What to do -
When you reach the line containing "Marvell ARMADA 16x" in the entries below, begin reproducing lines exactly, and stop once the line containing "Dubbele fietstas Basil" is done.

Records for this task -
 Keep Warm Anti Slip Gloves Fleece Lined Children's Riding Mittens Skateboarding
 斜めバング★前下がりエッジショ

--

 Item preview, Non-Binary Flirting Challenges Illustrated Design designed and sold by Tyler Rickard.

* * *

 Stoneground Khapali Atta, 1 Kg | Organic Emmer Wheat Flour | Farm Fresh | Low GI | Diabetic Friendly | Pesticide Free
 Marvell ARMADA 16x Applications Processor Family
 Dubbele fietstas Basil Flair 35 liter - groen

Output below -
 Marvell ARMADA 16x Applications Processor Family
 Dubbele fietstas Basil Flair 35 liter - groen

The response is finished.